Price Optimization Using Snowflake Notebooks and Streamlit in Snowflake
Co-Authors: Marie Coolsaet and Shriya Rai
Tasty Bytes Overview
The fictitious company Tasty Bytes is one of the largest food truck networks in the world, with localized menu options spread throughout 15 food truck brands globally. Tasty Bytes aims to achieve 25% year-over-year sales growth over 5 years. To help attain this goal, they must find a way to maximize sales and enhance customer satisfaction.
In this blog, we’ll delve into price optimization for their diversified food truck brands to inform their pricing and promotions by leveraging Snowflake’s powerful features such as:
- Machine Learning with Snowpark in Snowflake Notebooks: Train and deploy an ML model to understand how menu-item demand changes with varying price
- Streamlit in Snowflake: We will create a user-friendly monthly pricing application using Streamlit to use the deployed ML model to inform pricing strategies
Snowpark in Snowflake boosts machine learning workflows by providing familiar DataFrame syntax for data manipulation, allowing data scientists to use Java, Scala, or Python. The workflow includes a model registry for storing, versioning, and managing machine learning models. This makes it simple to deploy and track models within Snowflake. Snowpark also optimizes compute resources by automatically scaling to handle large data and model training tasks efficiently. The integration of data processing, model management, and compute optimization, all in Snowflake, streamlines the machine learning pipeline.
As a quick overview of the workflow, the truck, menu, and customer data are uploaded to raw tables in Snowflake using COPY INTO statements from an Amazon S3 bucket. Using Snowpark, we then aggregate the data, which is used for feature engineering and further transformation of the data. The aggregate and transformed data are used in model training and deployment, taking place in Snowflake Notebooks. The data is then used in a Streamlit in Snowflake application.
Machine Learning with Snowpark
In the Machine Learning with Snowpark section of this blog, we will train and deploy an ML model which leverages historical menu-item sale data to understand how menu-item demand changes with varying price.

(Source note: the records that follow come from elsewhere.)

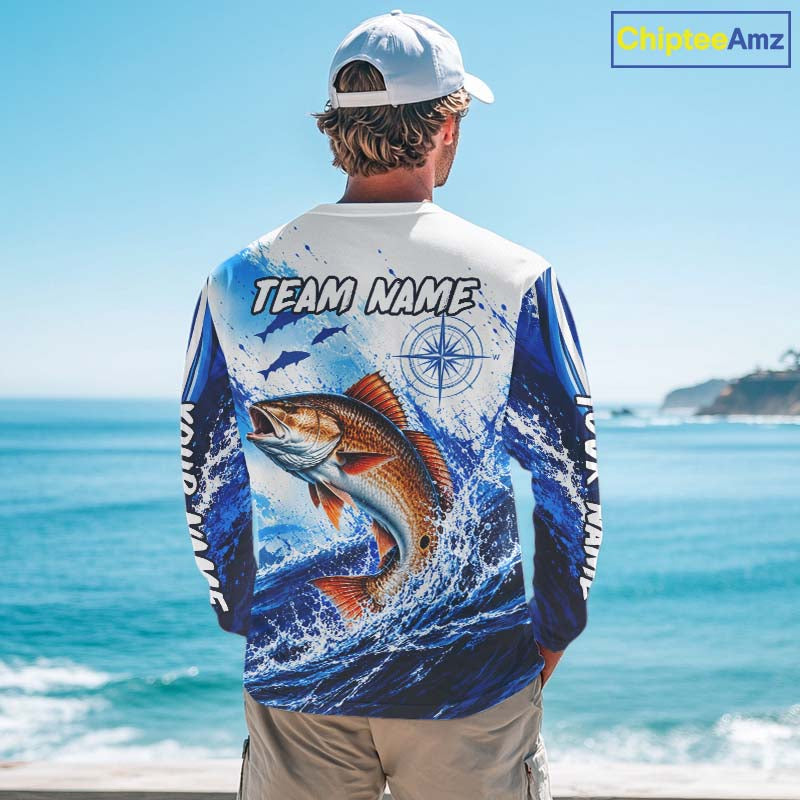 Personalized Redfish Blue Long Sleeve Performance Fishing Shirts, Redfish Tournament Shirt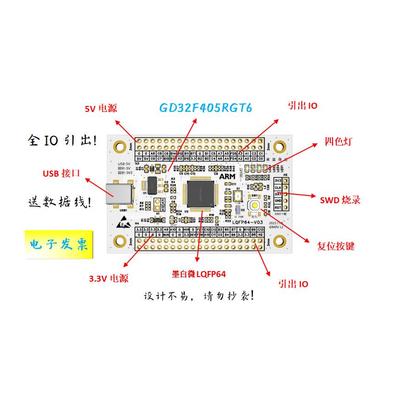 GD32F405RGT6核心板GD32F405RGT6小系统板GD32F405RGT6开发板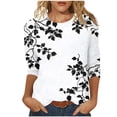 thumbnail image 1 of Craaazy Women's Vintage Floral Print 3/4 Length Sleeve Crewneck Spring T-shirts Gifts, 1 of 5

By utilizing this trained model, we would recommend the optimal day of week prices for all menu-items for the upcoming month to our food-truck brands.
The steps below represent a high-level overview of the data exploration, feature engineering, model training and deployment, and model utilization of this process.
Data Exploration
We will start exploring our data with a Snowflake Notebook. After installing Snowpark in our Python environment, we import the Snowpark package and other packages needed. Our current Snowflake session is saved in line 31 of the cell below.
We create a Snowpark DataFrame by reading the data in the daily menu-item sale view in our Snowflake account using Snowpark’s table function.
With our Snowpark DataFrame defined, we use the show function and specify the number of rows we want printed to be 5. This value is defaulted to 10 in case the argument is not provided.
We can access the columns object of our Snowpark Dataframe to look at all the columns present in our data.
Feature Engineering
In this section, we will build our feature engineering pipeline, which leverages Snowflake compute to perform aggregation and transformation operations, enabling us to utilize native Snowflake performance and scale.
We create the aggregate table by using the Snowpark group_by function to define group rows by the columns specified and the Snowpark agg function to get the average for our aggregated columns.
After further manipulation of the Snowpark Dataframe using Snowpark functions to push all our complex data transformation onto our Snowflake compute, we use a Snowflake window function to get rolling averages of price and price change columns over time. Window functions allow aggregation on a “moving” set of rows.
Model Training and Deployment
We leverage Snowflake ML API to perform distributed hyperparameter tuning in order to train multiple models in parallel to learn how menu-item demand is influenced by their prices.
The model is evaluated using metrics from Snowpark ML modeling — mean_squared_error, mean_absolute_error, r2_score and tested on our prepped test data.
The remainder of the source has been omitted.